They called me an Evangelical Part 6

Not only, but also

The next week, as Pete was collecting our empty laksa bowls, Larry said, “I’ve been thinking over what Marian said last week about the applicant who says he rejects ‘the social gospel.’ There’s a sad bit of history behind that attitude.”

“Do tell”, said Pete expectantly.

“Well”, said Larry, “when many mainstream churches were swinging towards Liberalism early last century, there were those who felt that they were selling the Bible short, and the Gospel with it. A group of scholars compiled a list of what they considered to be the ‘fundamentals’ of Christian faith.”

“Is that where Fundamentalism comes from?” Pete interrupted.

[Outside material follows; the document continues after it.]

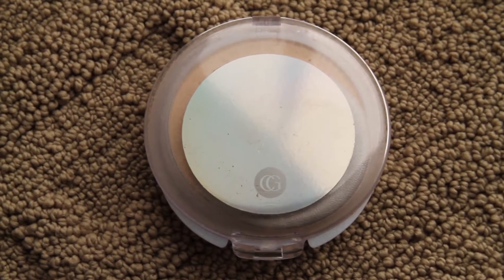Now I am taking my CoverGirl True Blend powder and this is very light for my skin so I kind of need a new one, but it still works fine. So I just dot that on my face and now I am blending it in.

“Yes and no”, said Larry. “Certainly that’s when the label ‘Fundamentalist’ was invented, and at the time many Evangelicals were happy to wear it. But it started to go sour when the Fundamentalists’ concern to preserve the key conviction that we’re called to evangelise a sinful world made them oppose the Liberal tendency to put all the emphasis on Christian charity and social reform. They claimed that this was substituting a social gospel for the true Gospel which, they claimed, is all about personal evangelism.

“That’s ironical”, I said. “The long history of Christian missions shows that missionaries have almost always had a deep concern for the physical and social needs of people as well as the needs of their souls.”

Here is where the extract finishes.